January 28, 2013

Why "Asian Canadian?"

The Asian Canadian Writers’ Workshop appreciates the diversity of Asian Canadians but has historically focussed on supporting emerging Canadian writers from Pacific Rim East Asian descent. This is not meant to be exclusionary, but a concerted effort not to overreach and generalize.

"Asia" is an especially problematic term. Western scholars for centuries erroneously labeled anything they don't understand as "oriental" and later Asian.  Even the term Asian Canadian can be fraught with implications and power structures.
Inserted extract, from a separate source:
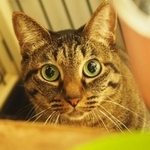 人懐っこく遊ぶのも大好きなメスの保護猫、くるみ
"South Asian Canadians" is an extremely broad and general term referring to a geographical origin of Canadians who were either born in or can trace their ancestry to South Asia, which includes nations such as India, Pakistan, Bangladesh, Sri Lanka and Nepal. "South Asian" is one of the most diverse ethnocultural populations in Canada.
  • Immigrants from South Asian communities established during British colonial times also include those from East and South Africa, Guyana, Trinidad and Tobago, Fiji and Mauritius. Others come from Britain, the US and Europe.
  • In Canadian English usage, the term 'Asian' often refers to people descended from East Asia and Southeast Asia.
Over the years, the ACWW has worked with writers who identify themselves in this ethno-cultural community to understand and encourage the growth of new writers but has refrained from representing “Asia.”

 ACWW works with other community organizations such as the explorASIAN Festival with a broader geographical focus in promoting programs that celebrate the diversity of Asian cultures in Canada.  In explorASIAN's case, they define "Asian" not only to include all of South Asia but the Arabia Peninsula which includes Iran, Iraq, Jordon, Syria, Palestine, etc. It is their interpretation of "Asia" and for their unique mandate, a proper one.

There is currently excellent work done on behalf of “South Asian” groups in Canada, particularly the Mawenzi House (formerly TSAR Books) who works with writers of different South Asian backgrounds in having their work published. There are other smaller presses and publications, both in their native languages and in English.

ACWW appreciates the diversity of Canadian literature, but as a nimble non-profit organization in Vancouver, BC, it has been careful to set expectations that it can accomplish and meet.

Certainly, we appreciate the ongoing dialogue and discussion that pertains to "Asian Canadian," and there is in fact a new academic program at the University of British Columbia called "Asian Canadian & Asian Migration Studies" and in the University of Toronto that attempt to examine and understand the culturally complex history of Canada.  We invite you to join us on this journey together.